In an election year we might have expected to see more headline grabbing announcements but, by the end of the Chancellor’s speech, there weren’t many measures announced (especially for low-income households) that we hadn’t already seen coming.

We didn’t see any extra cost of living payments being announced or further changes to the Local Housing Allowance from April 2025 onwards. A raise in the benefit cap would also have been welcomed but was not on the cards today. Also, surprisingly, there were few announcements for pensioners.

Read on for the relevant changes for people on low incomes that were announced by the Chancellor today.

High Income Child Benefit Charge (HICBC) – 6 April 2024

What's changing? From April 2024, the threshold from which parents start to pay an extra tax (via self-assessment) on their Child Benefit is increasing from £50,000 to £60,000 a year. The extra tax is also being made less severe. The upper income threshold, when the value of Child Benefit is taxed away completely, is rising from £60,000 to £80,000. This means 1% of the benefit will be taxed away for every extra £200 a parent earns above £60,000 (instead of 1% for every extra £100 above £50,000).

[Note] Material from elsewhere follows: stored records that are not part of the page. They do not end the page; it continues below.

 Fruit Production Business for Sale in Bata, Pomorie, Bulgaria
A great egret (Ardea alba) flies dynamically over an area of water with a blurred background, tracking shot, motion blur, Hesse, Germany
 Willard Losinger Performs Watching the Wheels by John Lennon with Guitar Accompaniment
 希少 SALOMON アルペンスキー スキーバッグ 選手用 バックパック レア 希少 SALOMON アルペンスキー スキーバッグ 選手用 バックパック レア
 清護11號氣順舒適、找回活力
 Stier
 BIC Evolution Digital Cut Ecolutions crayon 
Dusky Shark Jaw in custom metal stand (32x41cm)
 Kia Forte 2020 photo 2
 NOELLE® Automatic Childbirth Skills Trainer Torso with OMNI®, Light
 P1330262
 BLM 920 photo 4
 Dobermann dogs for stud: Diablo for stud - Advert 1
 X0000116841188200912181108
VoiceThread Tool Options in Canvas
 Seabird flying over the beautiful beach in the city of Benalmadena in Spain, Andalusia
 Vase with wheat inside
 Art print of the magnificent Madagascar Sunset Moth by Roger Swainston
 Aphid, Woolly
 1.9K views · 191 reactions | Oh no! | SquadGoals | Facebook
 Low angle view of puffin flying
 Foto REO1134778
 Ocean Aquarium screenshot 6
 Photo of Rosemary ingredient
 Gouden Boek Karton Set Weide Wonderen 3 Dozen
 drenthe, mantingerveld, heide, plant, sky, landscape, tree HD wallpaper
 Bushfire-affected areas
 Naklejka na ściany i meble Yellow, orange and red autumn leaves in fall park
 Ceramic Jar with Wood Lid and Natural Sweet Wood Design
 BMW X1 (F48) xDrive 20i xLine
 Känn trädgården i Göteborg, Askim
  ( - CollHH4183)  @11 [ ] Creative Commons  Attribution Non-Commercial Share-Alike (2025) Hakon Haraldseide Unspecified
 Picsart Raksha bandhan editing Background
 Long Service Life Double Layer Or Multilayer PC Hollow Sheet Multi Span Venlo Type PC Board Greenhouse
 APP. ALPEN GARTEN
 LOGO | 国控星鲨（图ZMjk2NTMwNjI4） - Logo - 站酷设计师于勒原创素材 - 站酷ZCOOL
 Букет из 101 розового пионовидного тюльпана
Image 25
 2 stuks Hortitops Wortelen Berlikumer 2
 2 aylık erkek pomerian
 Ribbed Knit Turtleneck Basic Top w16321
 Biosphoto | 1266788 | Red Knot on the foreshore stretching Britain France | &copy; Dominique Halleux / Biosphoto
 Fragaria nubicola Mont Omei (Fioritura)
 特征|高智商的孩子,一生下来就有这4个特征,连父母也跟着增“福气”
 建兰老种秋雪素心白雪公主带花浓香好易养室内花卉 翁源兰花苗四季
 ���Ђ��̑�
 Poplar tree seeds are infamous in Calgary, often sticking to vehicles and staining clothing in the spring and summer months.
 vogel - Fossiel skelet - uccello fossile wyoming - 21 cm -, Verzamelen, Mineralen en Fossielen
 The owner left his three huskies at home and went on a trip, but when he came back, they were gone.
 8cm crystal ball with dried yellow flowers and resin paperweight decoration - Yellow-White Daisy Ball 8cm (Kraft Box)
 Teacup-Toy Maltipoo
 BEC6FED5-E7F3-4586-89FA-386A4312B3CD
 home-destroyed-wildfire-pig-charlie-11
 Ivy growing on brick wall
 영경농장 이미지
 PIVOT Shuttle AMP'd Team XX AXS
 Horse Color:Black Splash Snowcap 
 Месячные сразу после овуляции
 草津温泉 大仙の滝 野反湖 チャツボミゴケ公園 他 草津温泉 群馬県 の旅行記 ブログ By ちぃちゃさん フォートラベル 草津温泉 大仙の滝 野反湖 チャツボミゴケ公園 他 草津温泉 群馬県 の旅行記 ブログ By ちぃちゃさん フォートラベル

From April 2026 (subject to consultation), the government also plans to move to a household system of administering the HICBC, rather than an individual system, so that single earner families are not disadvantaged.

As we mused in our Is it time to change the High Income Child Benefit Charge? blog last week, this change was well overdue but, in our opinion, it misses a key element, as our Director explains:

 

“The Chancellor’s changes to the High Income Child Benefit Charge will be welcome news for parents earning under £80,000 a year. But to take advantage of the changes these parents need to make sure they are claiming their entitlement.

“We would like to see the government launch a Child Benefit take-up campaign, encouraging everyone to take-up their claim. Even if someone does earn over £80,000 they’ll still be better off claiming Child Benefit and paying the tax back, rather than not claiming at all, because everyone who claims automatically gets credits towards their state pension.”

Phil Agulnik, Director, entitledto

National Insurance – 6 April 2024

What's changing? The rate of Class 1 National Insurance contributions (NICs) paid by employees is reducing from 10% to 8%. Self-employed people will have their Class 4 NICs reduced from 9% to 6% (before today this was going to reduce from 9% to 8% in April).

While this was the main measure announced today it will have a minimal effect for people with low earnings because many don’t earn enough to reach the level at which NICs need to be paid (or if they do earn enough to reach threshold they’re not far above it). This is aided by the fact that tax thresholds are being frozen in 2024/25, which for some low earners will more than cancel out the gain from the NICs rate reduction.

Household Support Fund Extension – April to September 2024

What’s changing? The Household Support Fund, a pot of money for local authorities to allocate to local areas of need such as food and energy support for vulnerable households, is being extended for another 6 months.  An extra £500 million will be split between councils around the UK for the period of April to September 2024.

As the last pot of money is due to end in just a few weeks’ time on 31 March 2024, this is a welcome announcement.

Prepayment meter standing charges – 1 April 2024

What’s changing? The extra standing charges paid by prepayment meter (PPM) users will be removed. This will end the inequity of people with prepayment meters being charged more for their energy than others people.

Previously the PPM premium was absorbed by the government’s Energy Price Guarantee but this support is due to end on 1 April 2024. The regulator, Ofgem, announced in February that people with a prepayment meter will continue to be supported so that their standing charges are no more than Direct Debit standing charges from April 2024 onwards.

Budgeting Advance repayment periods - December 2024

What’s changing? The period for people to repay Budgeting Advance loans taken out from December 2024 onwards, will increase from 12 months to 24 months.

These loans are available to people who receive Universal Credit and need help to pay for emergency household costs, such as buying a new cooker, helping to get  job or to stay in work.